### Problem statement:
All lines from the one containing "호식이두마리치킨인제점" to the end of the listing below should be output exactly; omit the pictures.

### Given records:
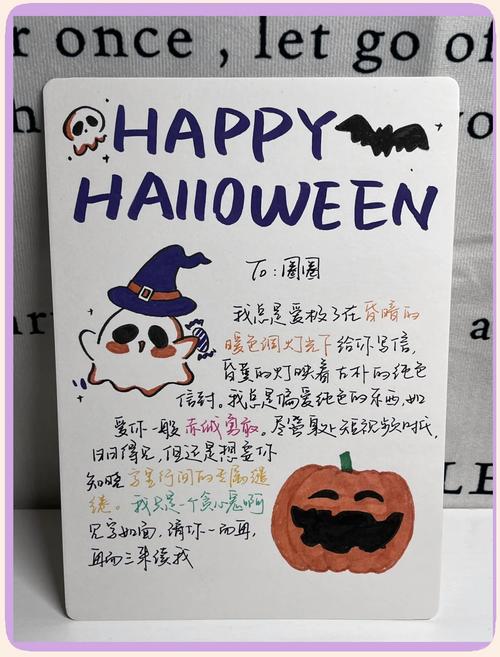 发给领导的疫情,发给领导的疫情祝福语-第1张图片-德宏生活网 发给领导的疫情,发给领导的疫情祝福语-第1张图片-德宏生活网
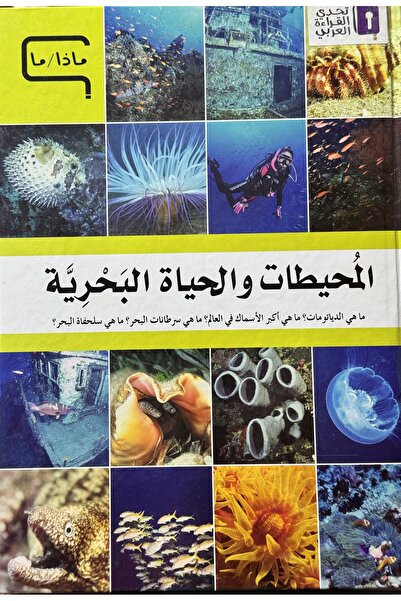 DAR Encyclopedia of what oceans and marine life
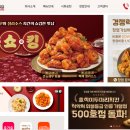 호식이두마리치킨인제점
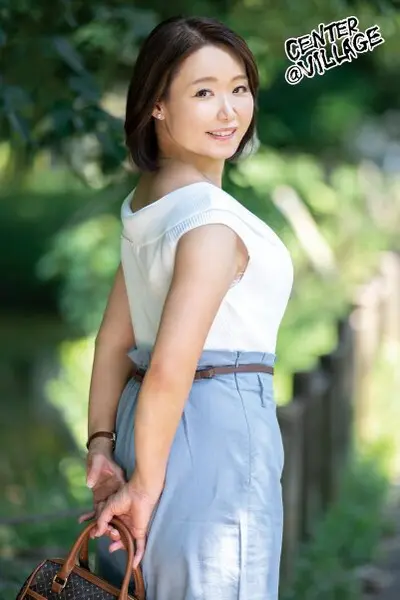 秋元 美織 cover image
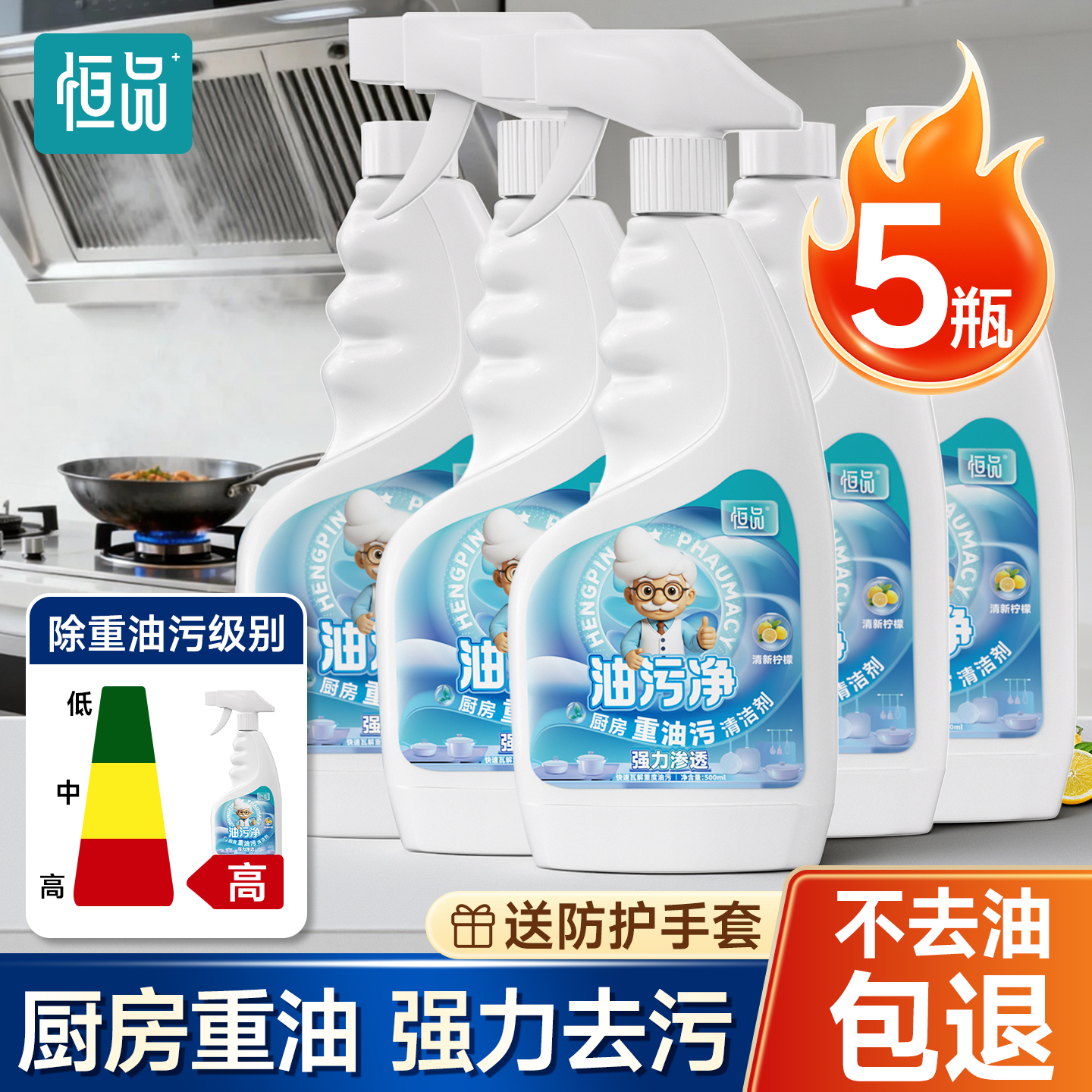 油污净厨房强力去油污清洁剂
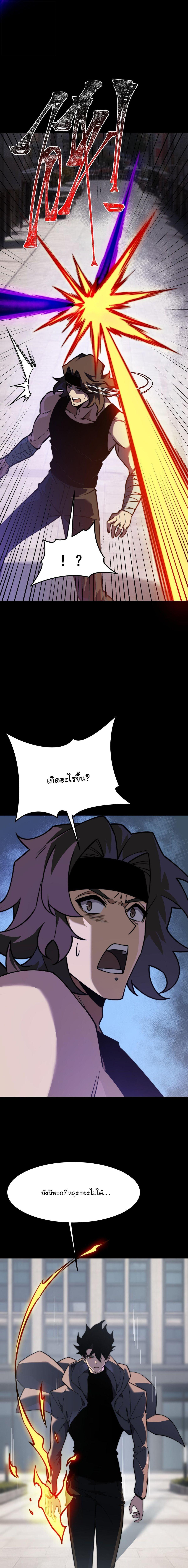 Manga-lc-com อ่านมังงะ อ่านการ์ตูน ออนไลน์ ฟรี After breaking up with the school beauty, I became a martial arts master ตอนที่ 1 2 3 4 5 6 7 8 9 10 11 12 13 14 ฟรี ไม่มีโฆษณา Manga-lc - อ่าน มังงะ อ่าน การ์ตูน ออนไลน์ อ่านมังงะ ฟรี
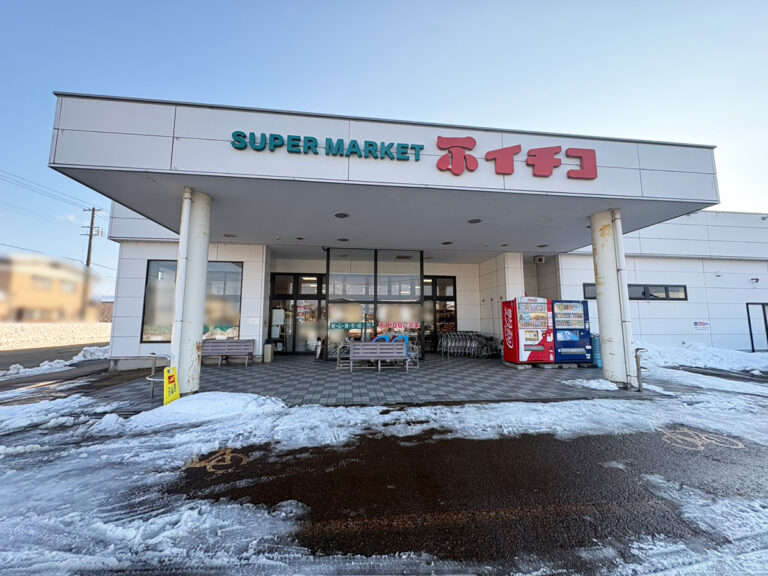 イチコ 幸店の外観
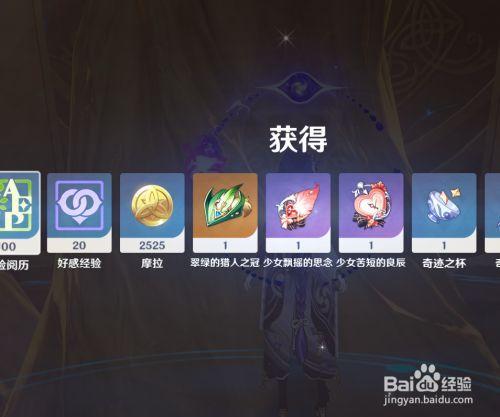 原神武器圣遗物被分解怎么找回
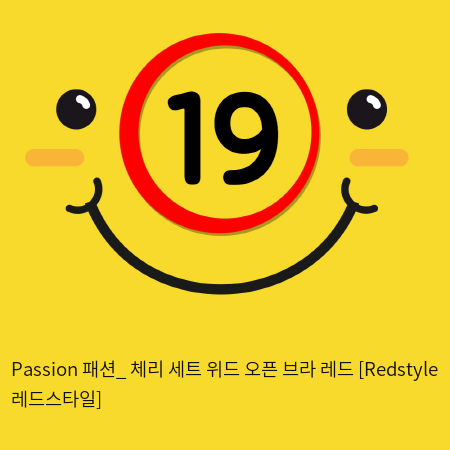 Passion 패션_ 체리 세트 위드 오픈 브라 레드 [Redstyle 레드스타일]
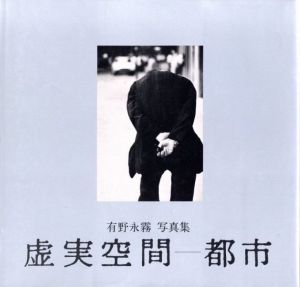 虚実空間-都市 / 有野永霧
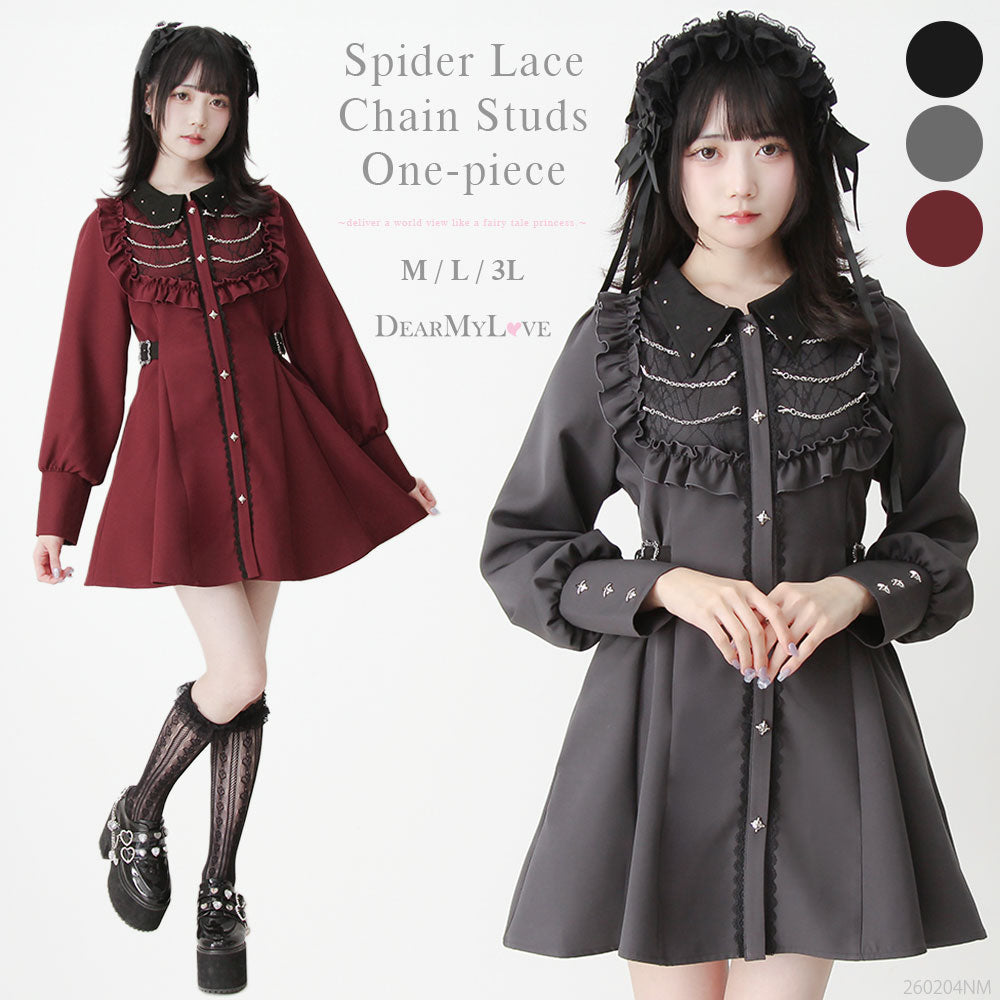 DearMyLoveのワンピースすべて｜かわいいレディースファッション通販の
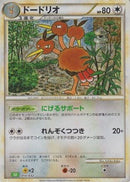 Dodrio (014/032) - Pokemon TCG Classic Venusaur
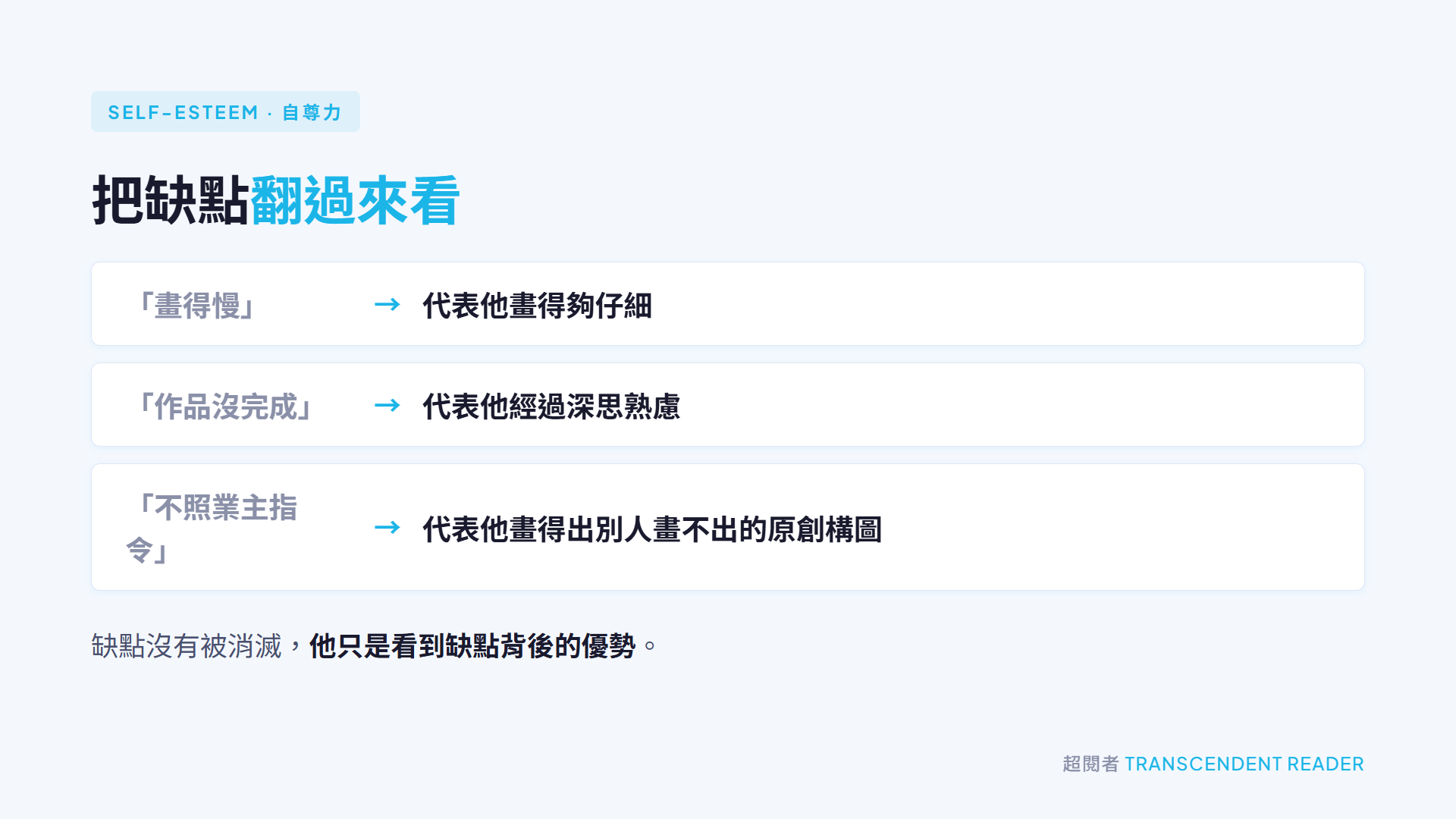 《超.達文西筆記》讀後心得:全能天才達文西,是怎麼思考、怎麼做筆記的? 4 達文西的自尊力:把缺點翻過來看——畫得慢代表仔細、作品沒完成代表深思熟慮、不照業主指令代表原創構圖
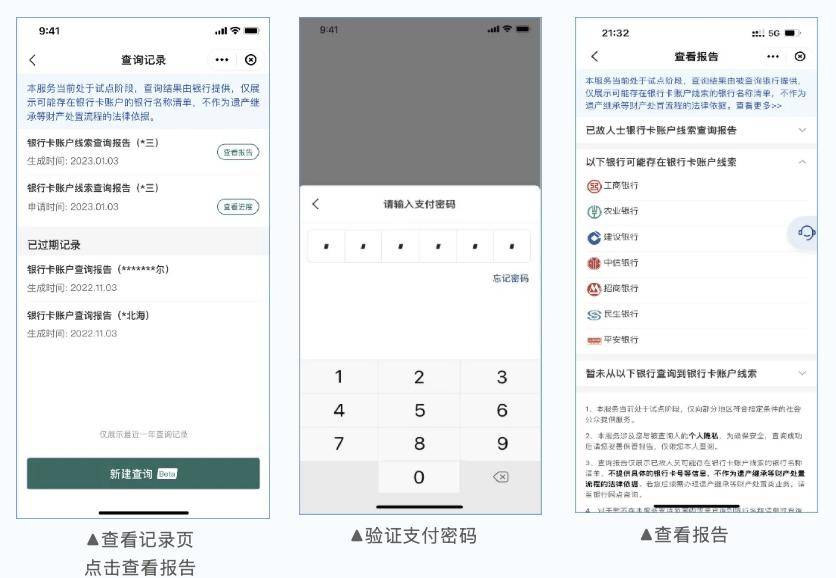 广东银联上线已故人员银行卡查询服务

### Task result:
 호식이두마리치킨인제점
 秋元 美織 cover image
 油污净厨房强力去油污清洁剂
 Manga-lc-com อ่านมังงะ อ่านการ์ตูน ออนไลน์ ฟรี After breaking up with the school beauty, I became a martial arts master ตอนที่ 1 2 3 4 5 6 7 8 9 10 11 12 13 14 ฟรี ไม่มีโฆษณา Manga-lc - อ่าน มังงะ อ่าน การ์ตูน ออนไลน์ อ่านมังงะ ฟรี
 イチコ 幸店の外観
 原神武器圣遗物被分解怎么找回
 Passion 패션_ 체리 세트 위드 오픈 브라 레드 [Redstyle 레드스타일]
 虚実空間-都市 / 有野永霧
 DearMyLoveのワンピースすべて｜かわいいレディースファッション通販の
 Dodrio (014/032) - Pokemon TCG Classic Venusaur
 《超.達文西筆記》讀後心得:全能天才達文西,是怎麼思考、怎麼做筆記的? 4 達文西的自尊力:把缺點翻過來看——畫得慢代表仔細、作品沒完成代表深思熟慮、不照業主指令代表原創構圖
 广东银联上线已故人员银行卡查询服务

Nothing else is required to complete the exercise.